Now 67, Ronstadt left her Arizona home at age 18 to make it as a singer in L.A. She soon scored a hit as part of the Stone Poneys' Mike Nesmith-penned "Different Drum," before it became clear that the powers that be were more interested in her as a solo artist.

At one time in the mid-'70s, Ronstadt was rock's most famous female performer with a string of massive hits, many of them covers -- "Blue Bayou," "You're No Good," "Heat Wave," "Heart Like a Wheel," "When Will I Be Loved" -- selling out big shows, and appearing on the cover of Time. Plus, she was hot. Like, super hot.
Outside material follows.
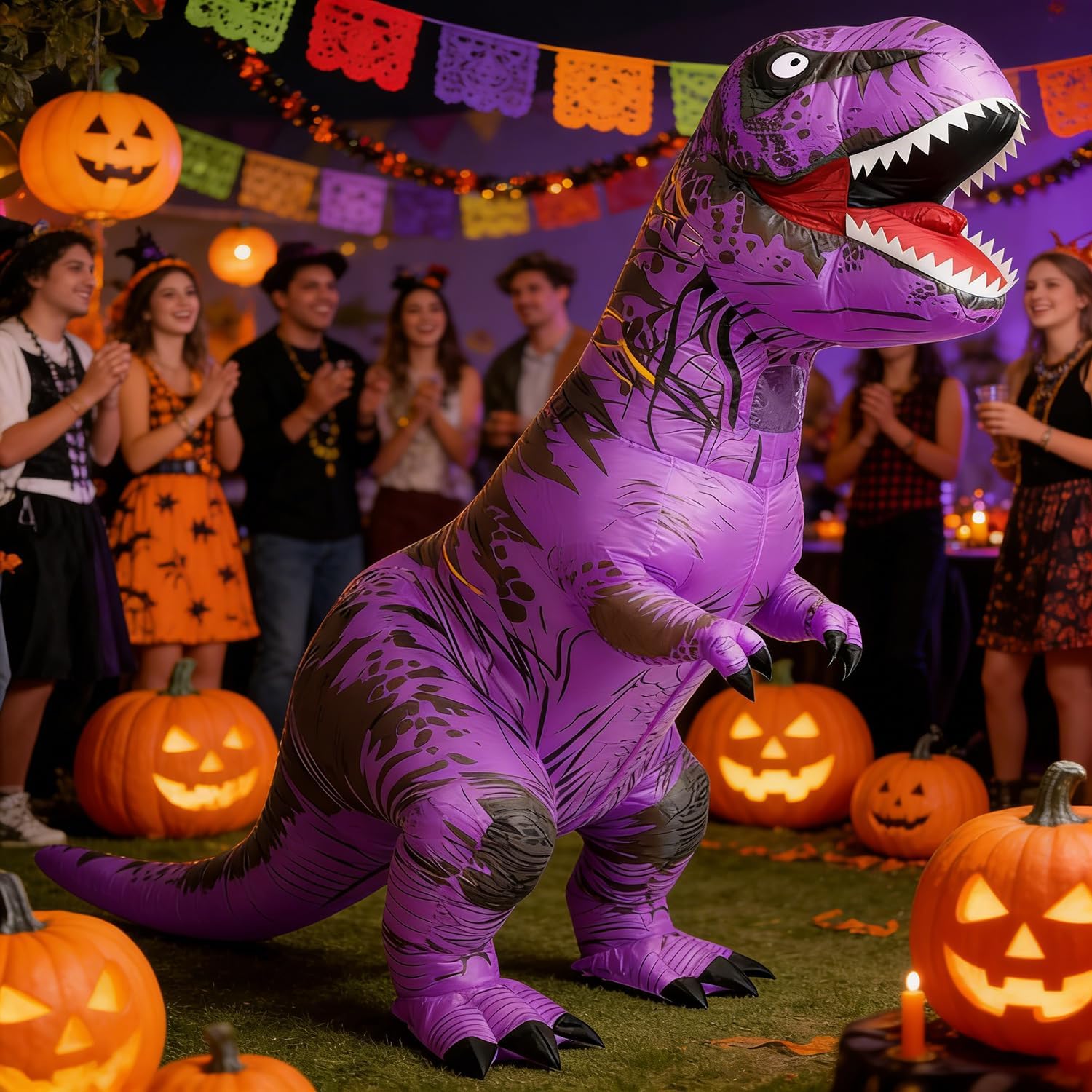 Thumbnail 1 de JASHKE Inflatable Dinosaur Costume Adult – Blow-Up T-Rex Fancy Dress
Fun fact: Ronstadt's grandfather invented the electric toaster and stove, pneumatic grease gun, and rubber ice cube tray!

But what still makes her a trailblazer for female singers decades later was her desire to break out of the confines of the rock genre. So she gleefully pursued such disparate interests as musical theater (The Pirates of Penzance), opera (La Boheme), and entire album cycles covering the Great American Songbook (long before it was in vogue) and old Mexican rancheras sung entirely in Spanish.
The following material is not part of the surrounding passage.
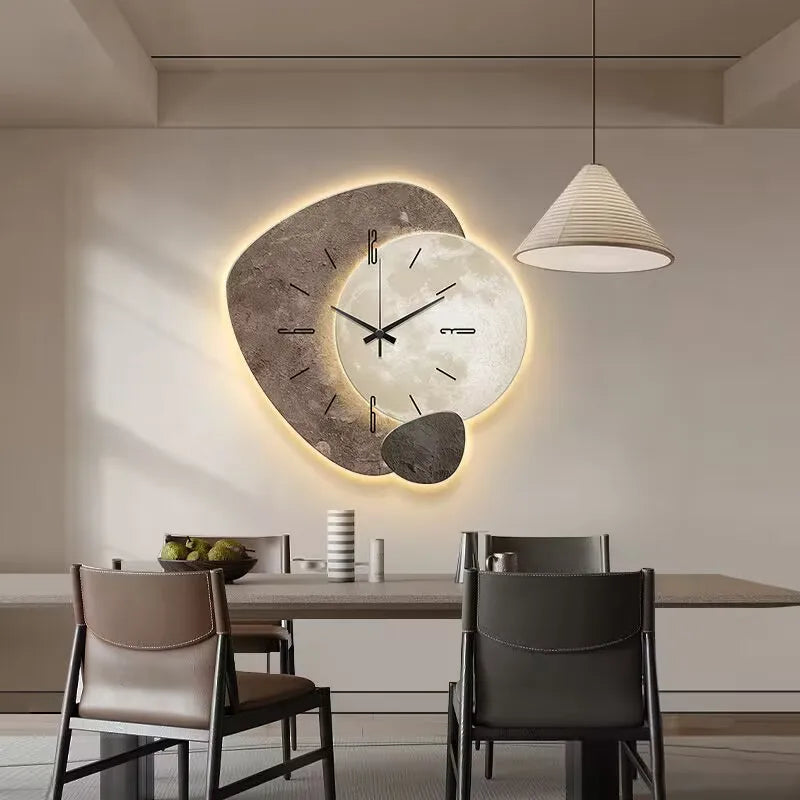 Scandinavian Luxury Wall Clock – Modern Design with Lighting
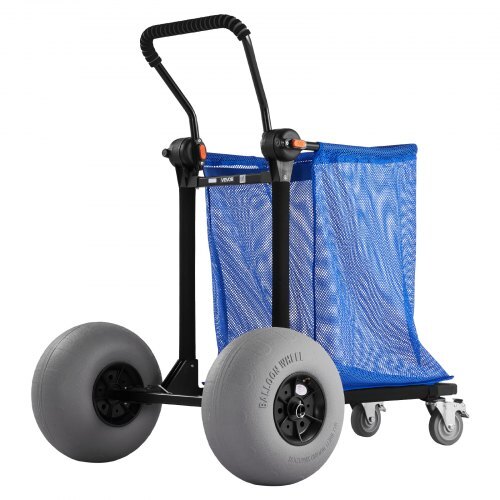 Beach Cart with Large Wheels for Sand, 165 lbs Load Capacity, Heavy Duty Folding Beach Wagon with 12" Balloon Wheels, Storage Bag, 180? Adjustable Handlebar, Dolly for Camping Fishing Garden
Even those closest to her thought she was batshit crazy for attempting those last two efforts, but Ronstadt had the last laugh as those records sold in huge numbers and garnered multiple awards. In fact, one of the more interesting revelations in Simple Dreams is that Ronstadt considers her Spanish-music phase the most fun and rewarding of her entire career.
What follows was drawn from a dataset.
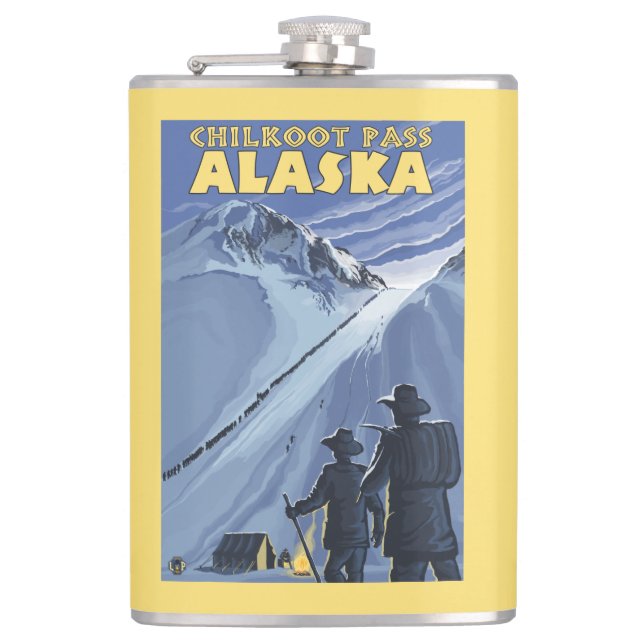 Chilkoot Durchlauf, Alaska-Goldschürfer Flachmann (Vorderseite)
Ronstadt has a lot of stories -- well, vignettes really. Trying to keep up with a hugely drunken Jim Morrison. Sitting in a living room while Keith Richards sings "Wild Horses" to Gram Parsons for the first time. Gigging with her backing band that eventually morphed into the Eagles. Bob Dylan, Neil Young, Jackson Browne, Peter Asher, Warren Zevon, David Geffen, Dolly Parton, and a host of other boldface names also pop up in the narrative.

Houston shows up as Ronstadt recounts a 1973 gig at the Sam Houston Coliseum opening for Neil Young, and then taking him and the band to see Gram Parsons and Emmylou Harris at Liberty Hall the next night.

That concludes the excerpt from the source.